RAW DATA:
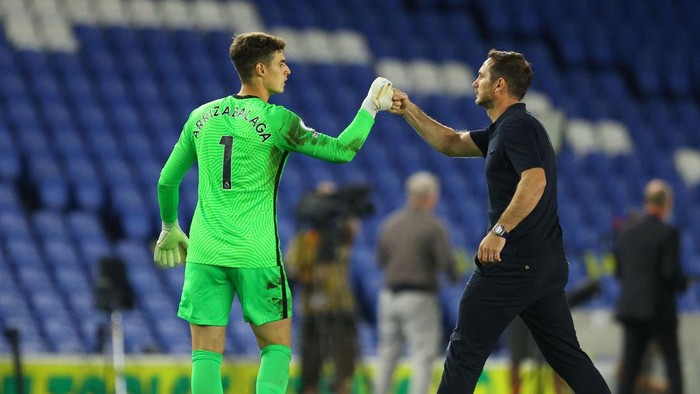 BRIGHTON, ENGLAND - SEPTEMBER 14: Frank Lampard, Manager of Chelsea fist bumps Kepa Arrizabalaga of Chelsea following the Premier League match between Brighton & Hove Albion and Chelsea at American Express Community Stadium on September 14, 2020 in Brighton, England. (Photo by Richard Heathcote/Getty Images)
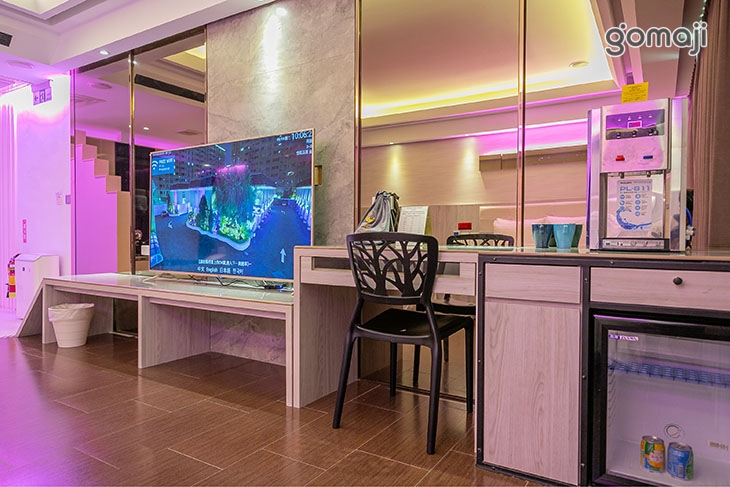 豪華雙人車庫房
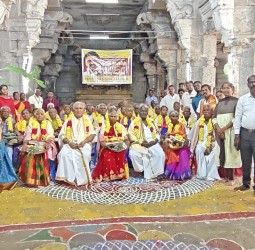 70 வயதான 20 தம்பதிகளுக்கு சிறப்பு செய்யும் நிகழ்ச்சி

ABOUT THIS EXERCISE: Everything in the listing, except its images, should be set down exactly.

THE COMPLETED TASK:
 BRIGHTON, ENGLAND - SEPTEMBER 14: Frank Lampard, Manager of Chelsea fist bumps Kepa Arrizabalaga of Chelsea following the Premier League match between Brighton & Hove Albion and Chelsea at American Express Community Stadium on September 14, 2020 in Brighton, England. (Photo by Richard Heathcote/Getty Images)
 豪華雙人車庫房
 70 வயதான 20 தம்பதிகளுக்கு சிறப்பு செய்யும் நிகழ்ச்சி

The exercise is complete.